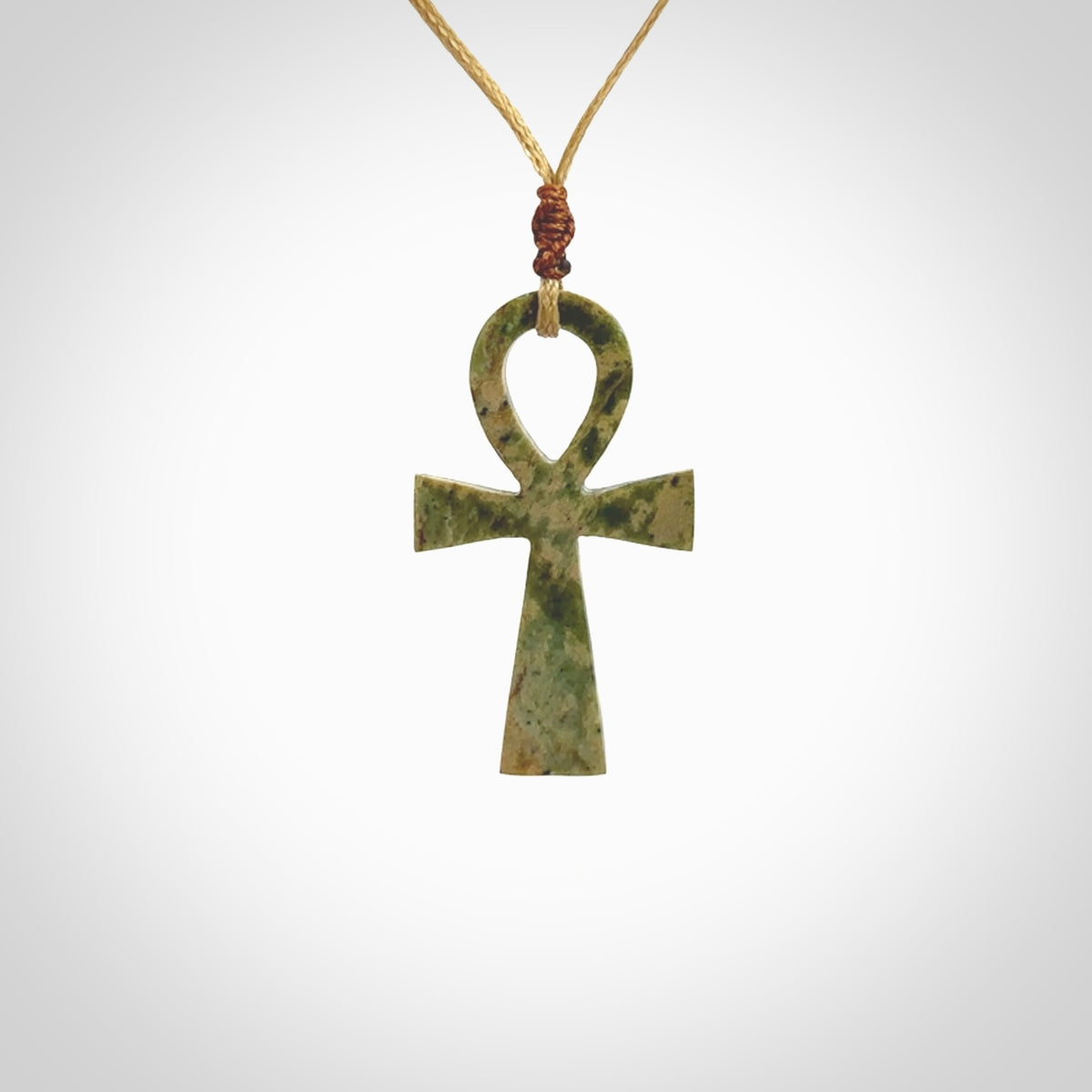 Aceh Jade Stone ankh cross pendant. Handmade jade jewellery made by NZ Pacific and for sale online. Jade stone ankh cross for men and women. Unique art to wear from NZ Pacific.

--

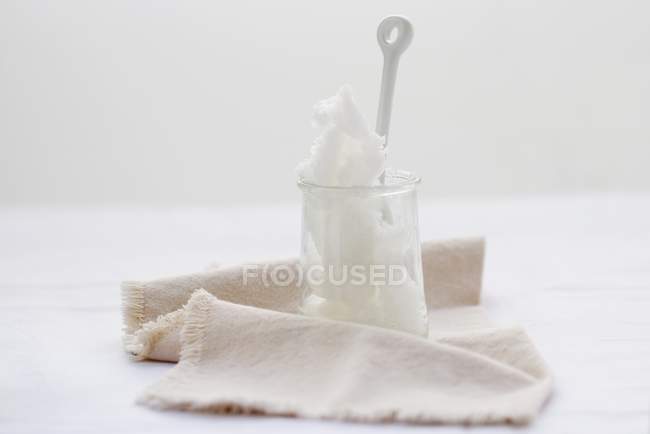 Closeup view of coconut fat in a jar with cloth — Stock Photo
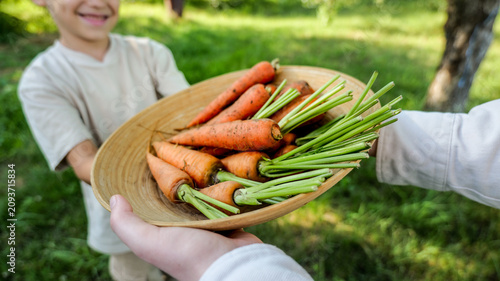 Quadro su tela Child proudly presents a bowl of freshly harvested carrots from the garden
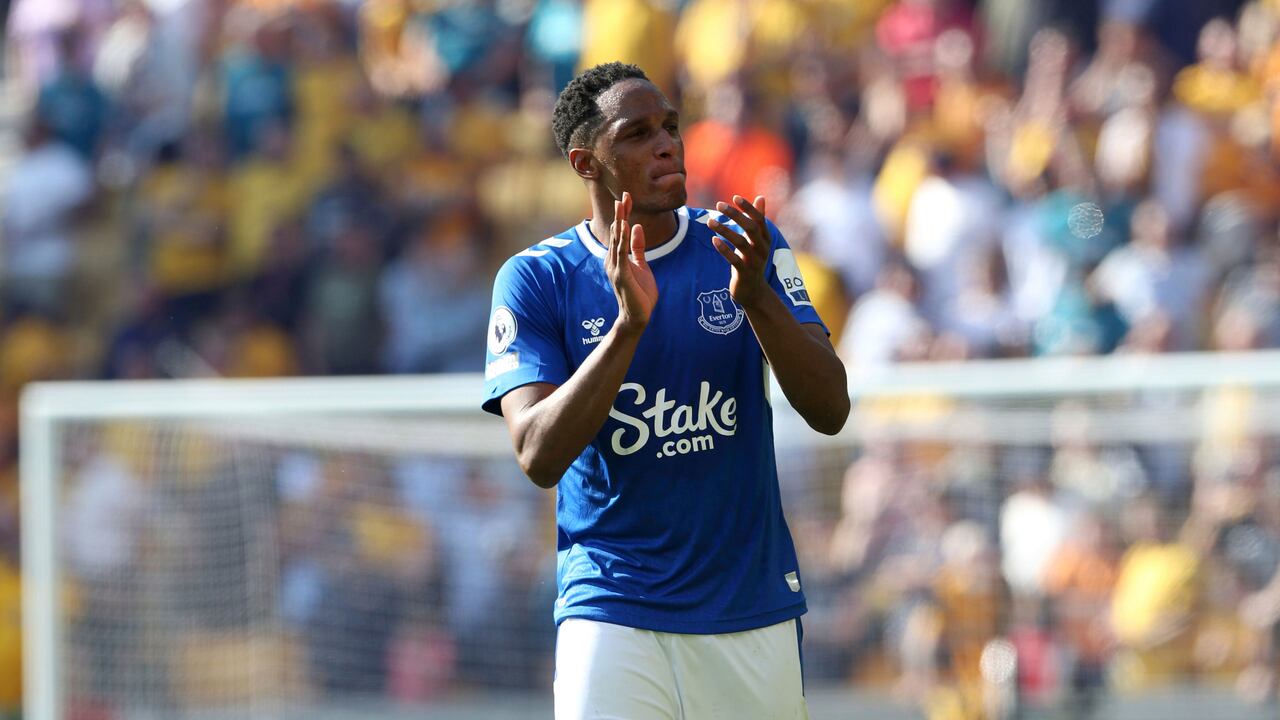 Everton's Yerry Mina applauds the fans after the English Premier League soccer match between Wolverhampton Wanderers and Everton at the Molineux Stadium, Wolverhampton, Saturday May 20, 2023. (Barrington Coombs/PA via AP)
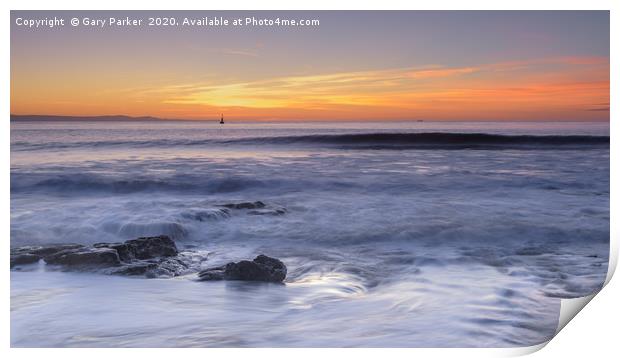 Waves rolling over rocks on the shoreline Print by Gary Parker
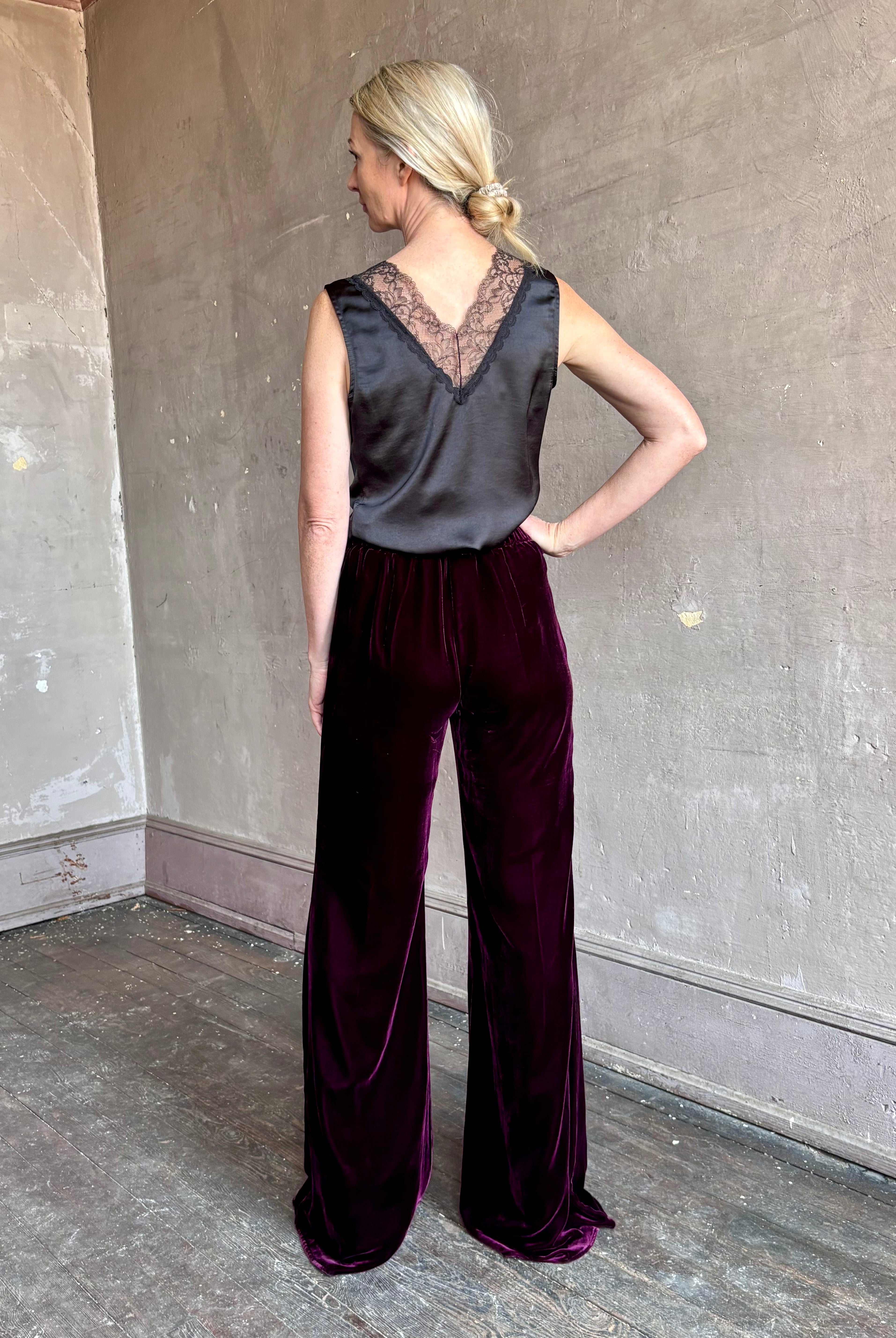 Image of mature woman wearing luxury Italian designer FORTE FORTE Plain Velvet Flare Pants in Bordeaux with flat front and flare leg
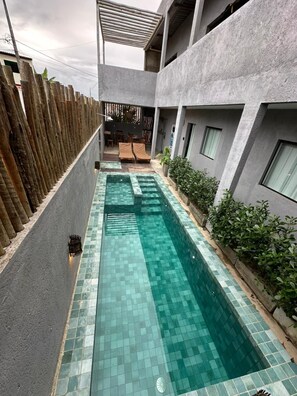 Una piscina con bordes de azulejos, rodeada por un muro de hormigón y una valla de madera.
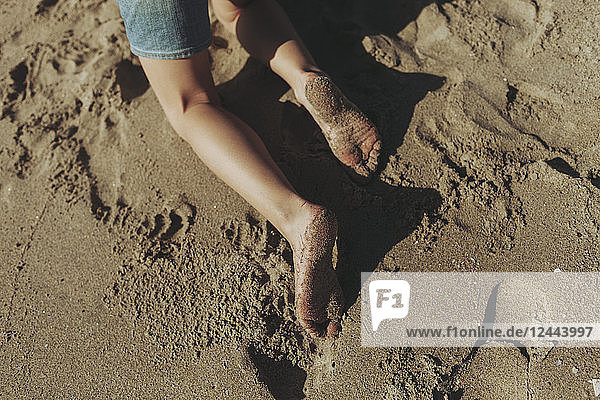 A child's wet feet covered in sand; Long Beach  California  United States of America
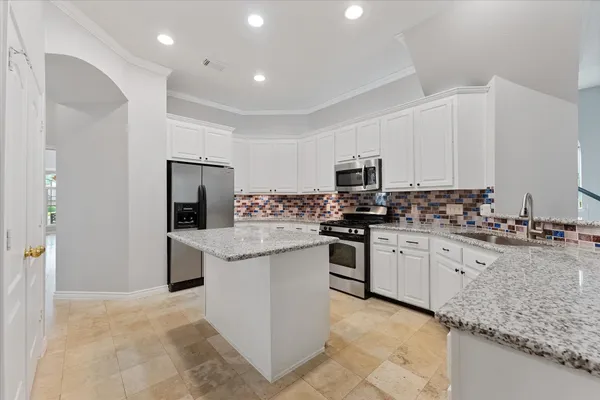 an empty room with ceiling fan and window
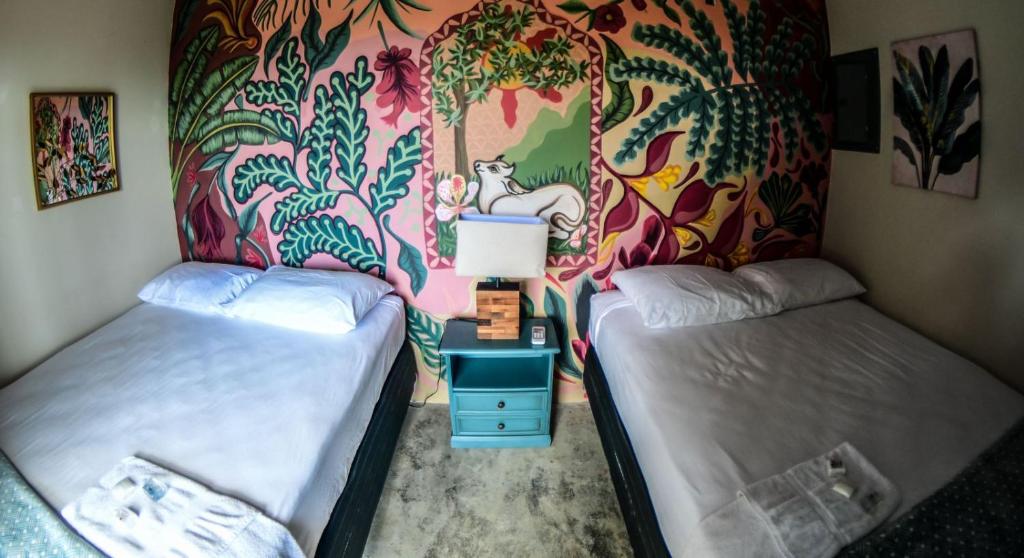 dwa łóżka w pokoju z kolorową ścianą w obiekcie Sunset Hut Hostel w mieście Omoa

---

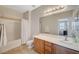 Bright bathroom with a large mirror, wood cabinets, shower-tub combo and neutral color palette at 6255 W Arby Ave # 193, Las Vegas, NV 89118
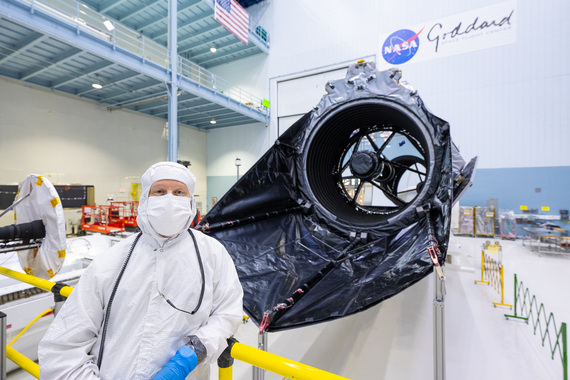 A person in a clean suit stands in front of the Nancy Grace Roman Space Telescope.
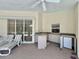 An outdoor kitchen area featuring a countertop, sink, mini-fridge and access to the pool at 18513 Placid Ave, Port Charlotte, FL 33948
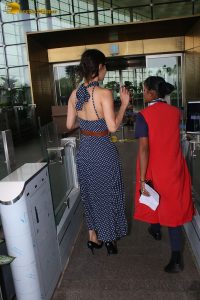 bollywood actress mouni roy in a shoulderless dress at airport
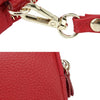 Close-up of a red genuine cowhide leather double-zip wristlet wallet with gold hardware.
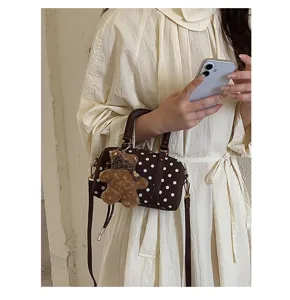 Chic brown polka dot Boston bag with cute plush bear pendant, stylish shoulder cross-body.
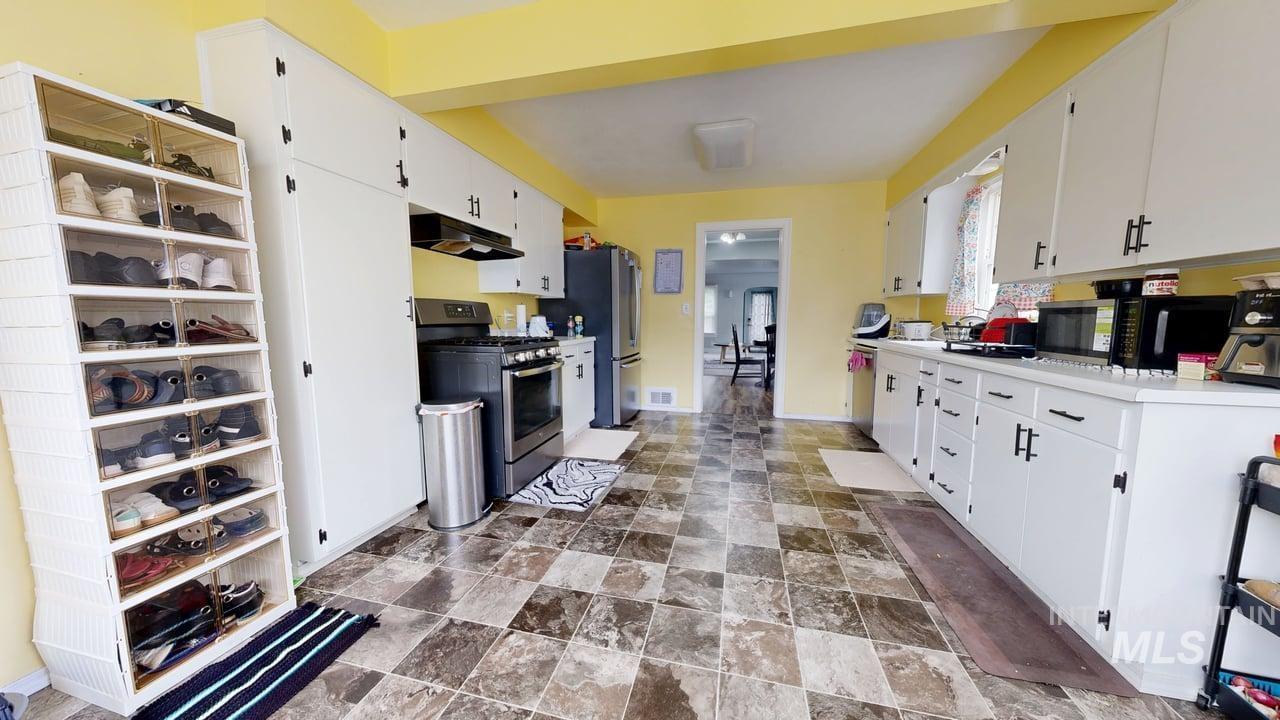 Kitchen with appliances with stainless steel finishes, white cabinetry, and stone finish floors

Task requirements ▸ Everything above from the line containing "Image of mature" through the line containing "dwa łóżka w" must be repeated exactly, and the pictures must be left out.

Problem solution ▸
 Image of mature woman wearing luxury Italian designer FORTE FORTE Plain Velvet Flare Pants in Bordeaux with flat front and flare leg
 Una piscina con bordes de azulejos, rodeada por un muro de hormigón y una valla de madera.
 A child's wet feet covered in sand; Long Beach  California  United States of America
 an empty room with ceiling fan and window
 dwa łóżka w pokoju z kolorową ścianą w obiekcie Sunset Hut Hostel w mieście Omoa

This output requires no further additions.